| > (1) there is no way to migrate to another homeserver (I gave up on Matrix after the third one went bust) partially true - while there isn't a protocol defined way, you can invite your new account to your rooms, import your encryption keys and leave the rooms with the old accounts > (2) the homeserver has (!) plaintext access to all traffic on it hmm, isn't that unavoidable? > (4) no effort at all to obscure metadata, who you communicate with and when. There is effort on it, e.g. by going P2P and eliminating dedicated homeservers > I don't know of any clients that let you manage separate identities at the same time FluffyChat, Syphon, and others I don't know the names by heart > Matrix defines a sort of end-to-end encryption, but the ends are homeservers and clients. The ends are the sessions in a room. The homserver is not an end. How did you get that impression? > Lack of encryption-at-rest, wherever it is that messages live, seems like a stupendous implementation design flaw, and makes me question all the project's other choices. Isn't encryption at rest usually done by the operating system? |
> hmm, isn't that unavoidable?
Not only is it avoidable, it’s not actually true AFAIU. It’s unfortunate (if historically justifiable) that Matrix has a non-E2EE mode, but the thing it brands as E2EE is actually deserving of the name, with messages accessible to clients only and the associated hurdles (you literally can’t get access to message history in encrypted chats from a new client on the same account unless you get one of your old clients to cross-sign, even if the homeserver will help mediate the prompt).

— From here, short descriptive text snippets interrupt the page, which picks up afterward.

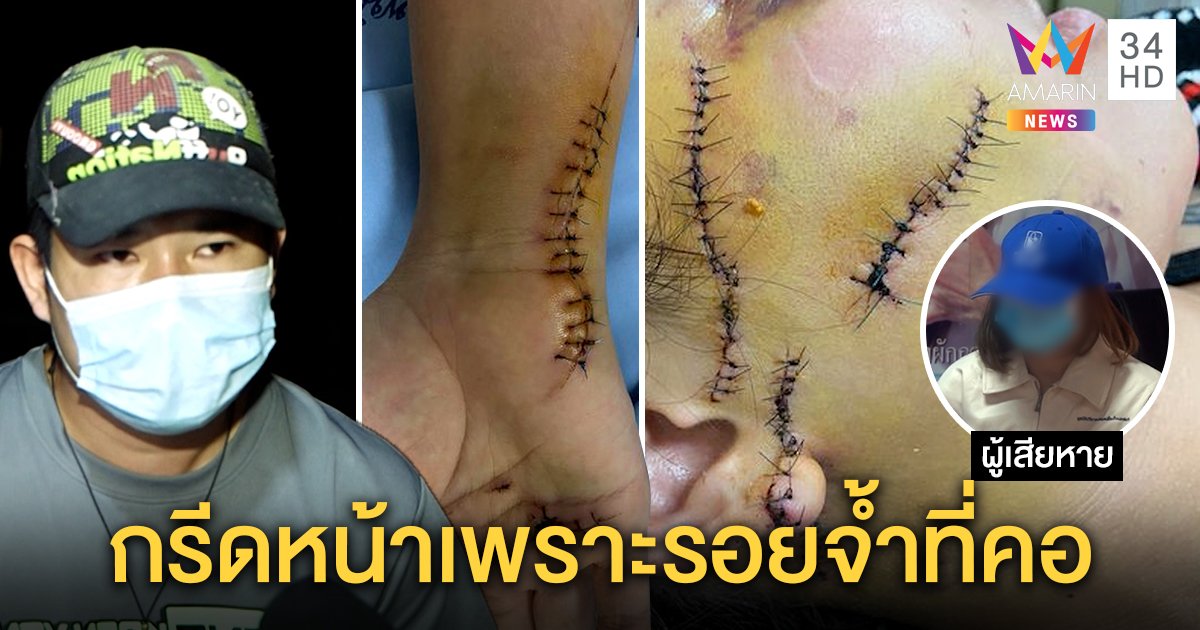 ผัวฉุนคัตเตอร์กรีดหน้าเมีย 91 เข็ม ฉุนเห็นรอยจ้ำที่คอ เหยื่อพึ่งปวีณาลากคอ (คลิป)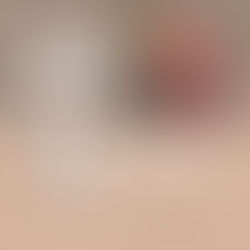 Pulmão itinerante visita a RMC e alerta sobre os perigos do cigarro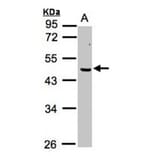 ERCC8 (CSA) antibody from Signalway Antibody (22638) - Antibodies.com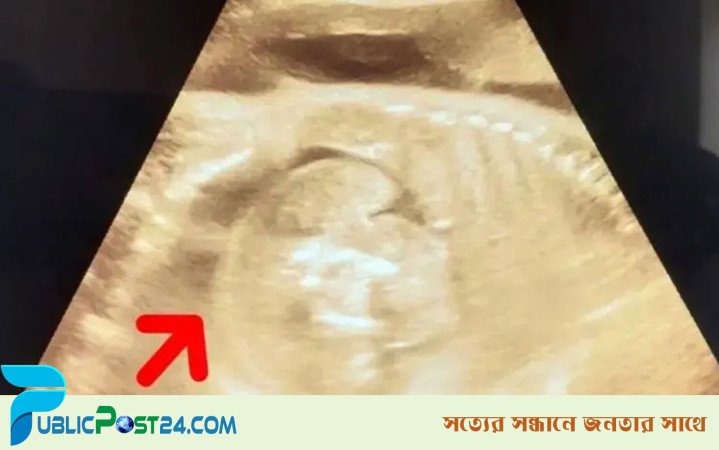 গর্ভে থাকা শিশুর গর্ভে মিলল ভ্রূণ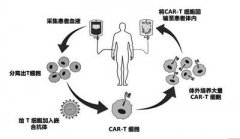燒傷腋窩整形費用多少醫(yī)保(燒傷整形醫(yī)保能報銷嗎)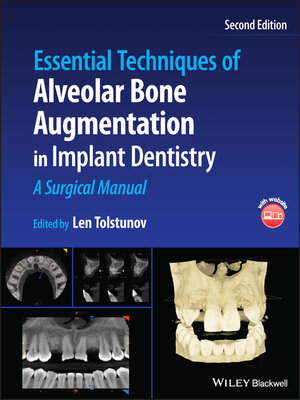cover image of Essential Techniques of Alveolar Bone Augmentation in Implant Dentistry
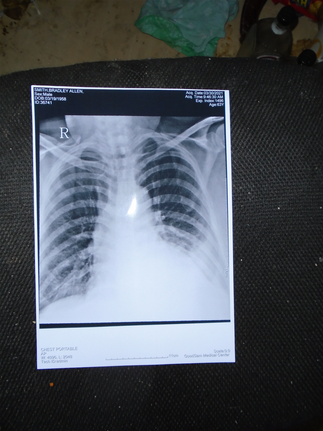 According to the doc, this x-ray suggests I have pneumonia, but not yet in a big way.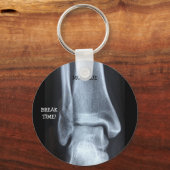 Funny Broken Fibula Xray "Pauze tijd" Sleutelhanger (Voorkant)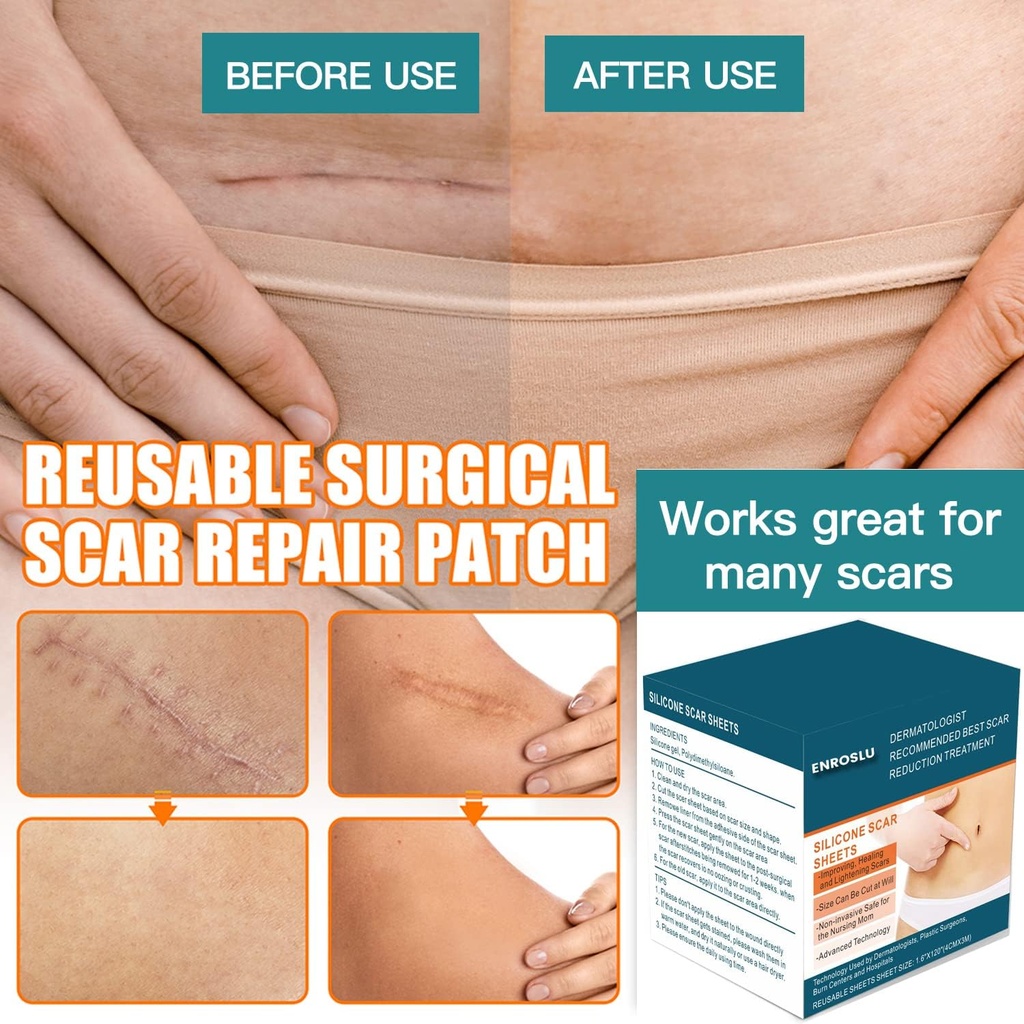 upgrade-silicone-scar-sheets-16-x-120--3-6.jpg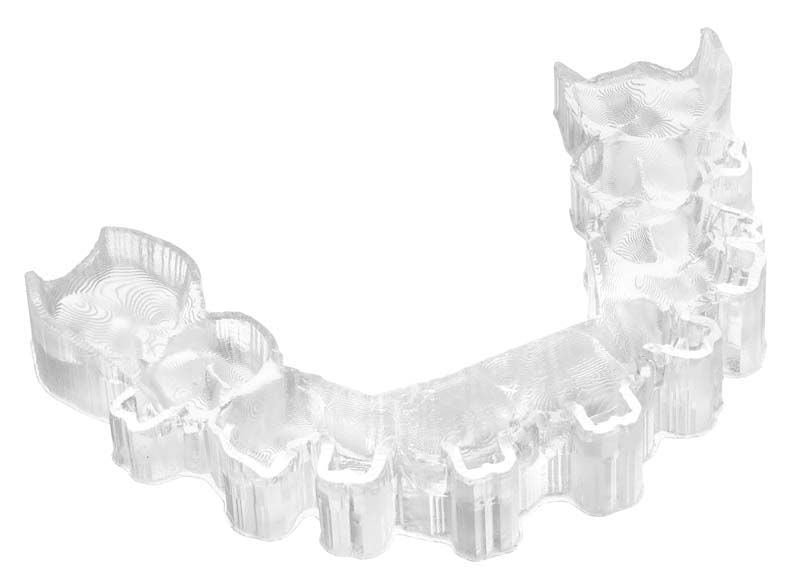 Transparente Transfermatrize aus lichthärtendem Harz für kieferorthopädische Apparaturen.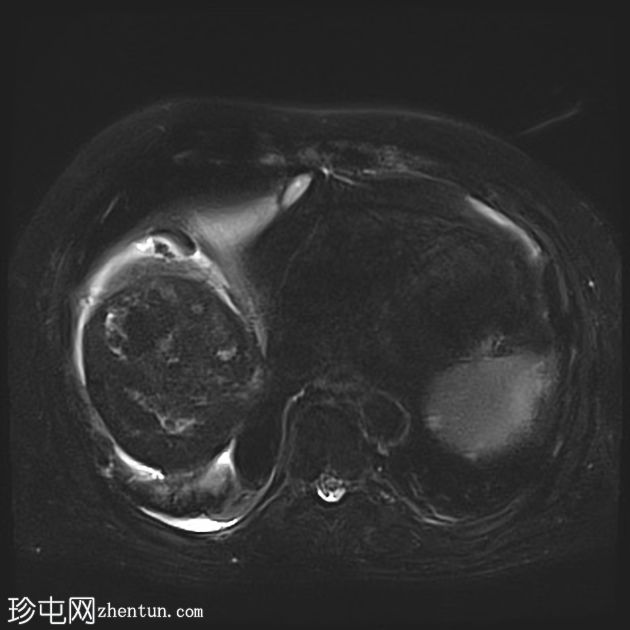 肝癌合并腹腔积血因肿瘤直接侵犯右膈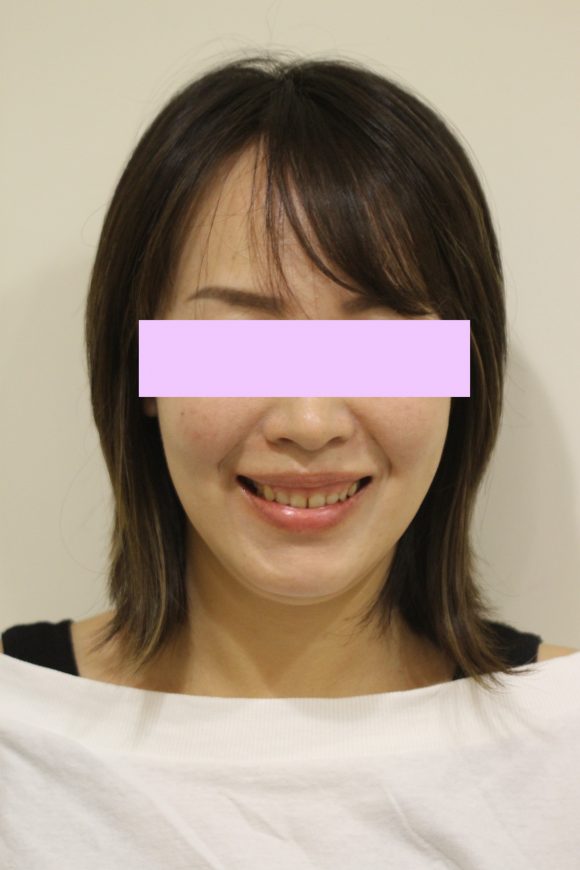 蒔美案例分享陶瓷貼片・美的見證01-580x870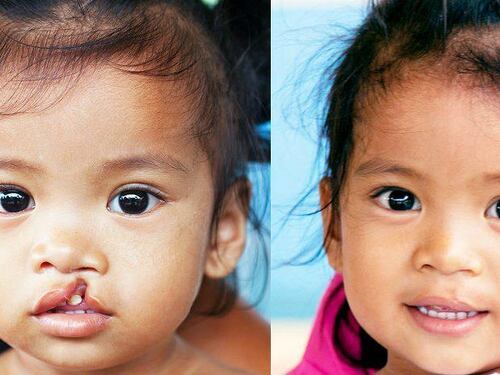 Operation Smile: quegli angeli italiani che ridisegnano il sorriso ai bambini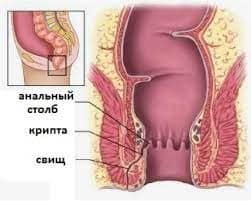 otkir paraproktit sabablari belgilari turlari va davolash yollari 65d37258ac693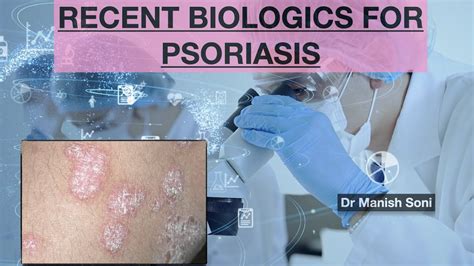 Video Whats New In Treatment Of Psoriasis Recent Biologics For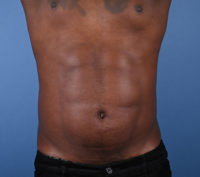 Male Abdominal Etching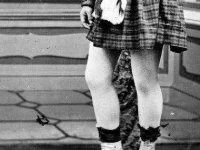 weird-phobias-knees.webp weird-phobias-knees.webp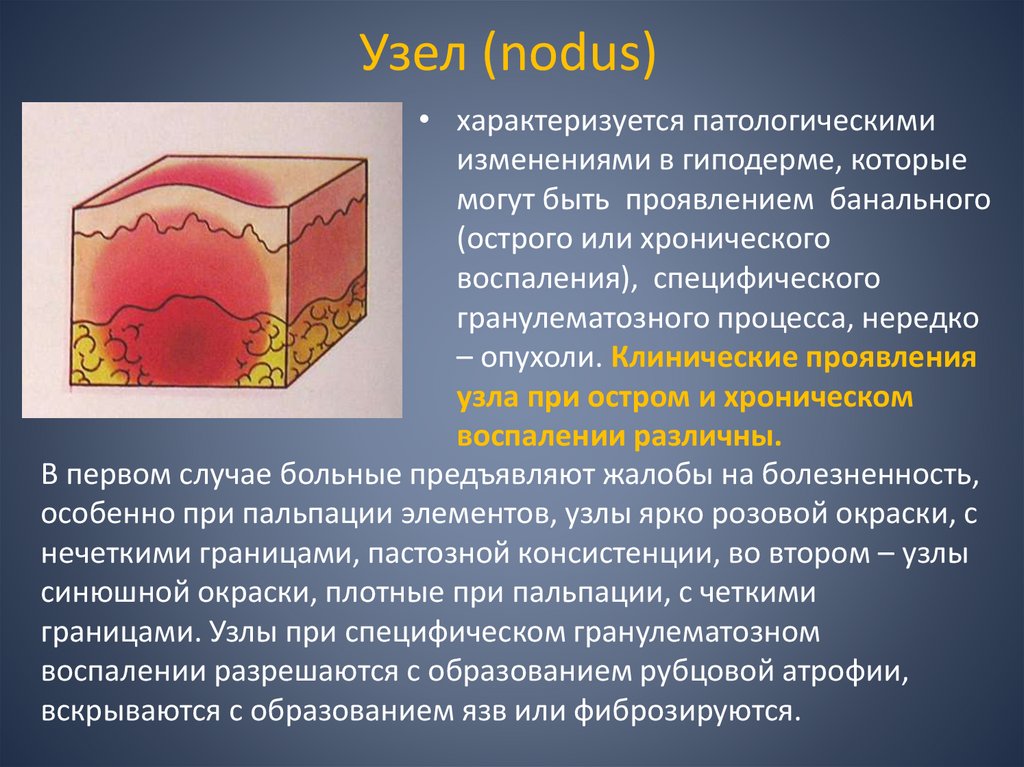Узел (nodus)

Matrix is not free of problems, but it does have federated, multi-party, multi-device, end-to-end encrypted chats with persistent history and forward secrecy. The underlying crypto goes by Megolm[1]. It’s slightly weaker[2] (in particular regarding backward secrecy) than the strictly two-party thing Signal does (however they brand it these days), but nowhere near the point of allowing the homeserver to eavesdrop.